Derken o fotoğrafı gördüm. 30 Ağustos resepsiyonunda başkomutan cumhurbaşkanı sayın Gül ve karanın, denizin, havanın komutanları paşalarımız. Gerçi fotoğrafta başkomutan cumhurbaşkanı Gül’ün arkası dönüktü ama başta Necdet Paşamız olmak üzere tüm paşalarımız olağanüstü bir mutluluk ifadesi ile cumhurbaşkanımıza bakıyordu. Aklımdan sorular, sorular geçti.

Kim bilir ne konuşuyordu? Gül, komutanların yüzüne yansıyan o mutlu ifadeyi oluşturacak ne anlatıyordu? İtiraf etmeliyim ki kıskandım. Orada olamamak bir ateş gibi kavurdu yüreğimi. Neler kaçırdığımı, hangi kuvvetli ışıkla aydınlanamadığımı düşündüm. İçine düştüğüm kıskançlık girdabından başka bir duygu vasıtasıyla çıkabildim. Kendi kendime “çıldırdın mı kuzum, bu fotoğrafı görebilmek için bu ülke ve sen ne kadar beklediniz?” dedim. İnanır mısınız o an özverili bir sakinlik çöktü üzerime. Mutluluğun resmini belki Abidin Bey yapamamıştı ama adını bile bilmediğim bir gazeteci fotoğrafını çekebilmişti.

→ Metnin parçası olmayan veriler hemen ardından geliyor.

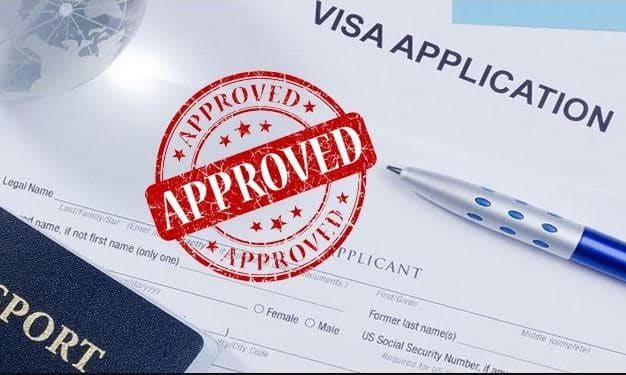 Ndugu Zangu Walishirikiana Kuniwekea Vikwazo Nisipate Pasipoti na Visa, Lakini Hatimaye Nilipata Safari Yangu ya Ndoto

Gözlerimi fotoğraftan ayırmadan duygularımın tahliline koyuldum. Yüzüme yayılan gülümsemeyi hissedebiliyordum. Reiki danışmanımın pozitif enerji olarak tanımladığı o elektriğimsi maddeyi vücudumda hissediyor, beynimin harıl harıl endorfin ürettiğine tanık oluyordum. Bu duyguyu en son ne zaman hissettiğimi düşünmeye çalıştım. Enerjinin yoğunluğuyla gözlerim kapanıyordu ama fotoğraf göz kapaklarıma asılı nadide bir tablo gibi irislerimin önündeydi. Mutlaka ama mutlaka, paşalarımızın yüzündeki mutluluk ifadesiyle tetiklenen duygularımı ifade edebilmeliydim. Neye benziyordu bu duygu?

‘Hadi adamım’ diye yüreklendirdim dimağımı. Yapabilirsin dedim. Önce, kulağıma uzaklardan bir Vivaldi geldi. Yanılmıyorsam ‘Dört Mevsim’ çalıyordu. Rüzgarın okşayan serinliği Como Gölü kıyısındaki evimizin bahçesinden yasemin kokuları taşıdı burnuma. Saten etek hışırtıları duydum. Bu sesler hizmetçimiz, biraz suratsız fakat becerikli bir kadın olan bayan Alanzo’ya aitti. Dom Perignon servisi için pek telaşlı yürüyordu. (Her gün 18.00’de servisi yapmazsa benden sitemkar sözcükler duyardı ki bu da onun isteyeceği son şeydi.) Japon Kraliyet cinsine mensup dişi kedimiz Rozalinda bütün gün uyuduğu Japon Kirazı ağacımızın gölgesini terk edip ayaklarımın dibine uzandı ve bir kez miyavladı. Beni hep böyle selamlardı. Başını okşayarak ödüllendirdim kendisini.

İşte oluyordu, başarıyordum. Cumhurbaşkanımız ve paşalarımızın fotoğrafındaki mutluluğu kendi mutlu anılarımla buluşturup onları anlamayı başarmıştım. Hatta sanırım size anlatmayı da…

Şimdi müsadenizle yazıyı bitiriyorum. Ellerim kollarım bağlı olduğu halde, söylediklerimi kaydedip size ulaştıran Nezaket Hemşire’ye hepinizin huzurlarında teşekkürlerimi sunuyorum. Saygılarımla efendim.